▶ _WHAT TO DO_: In the material below, pictures must be dropped. Repeat exactly, and only, the lines from the line with "LOUIS VUITTON Clip" to the line with "Tablet Screenshot of elvog.deviantart.com", both ends included.

▶ _SUPPLIED MATERIAL_:
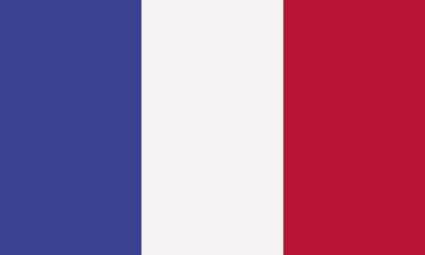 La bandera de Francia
---
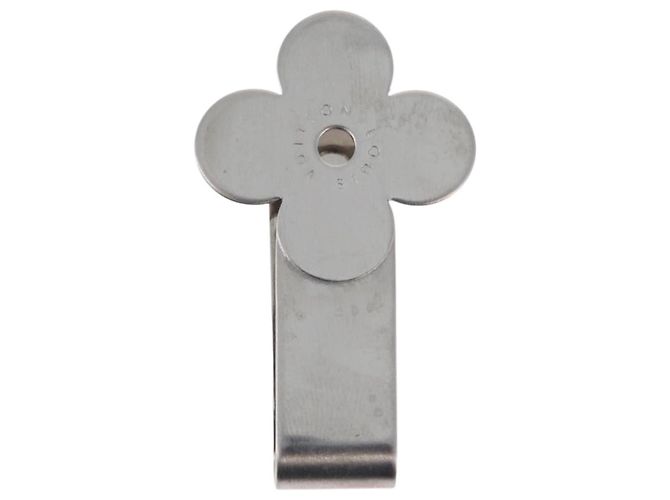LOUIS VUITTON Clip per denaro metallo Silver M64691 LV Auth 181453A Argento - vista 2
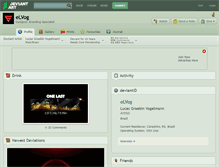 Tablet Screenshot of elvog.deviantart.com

▶ _COMPLETED EXERCISE_:
LOUIS VUITTON Clip per denaro metallo Silver M64691 LV Auth 181453A Argento - vista 2
 Tablet Screenshot of elvog.deviantart.com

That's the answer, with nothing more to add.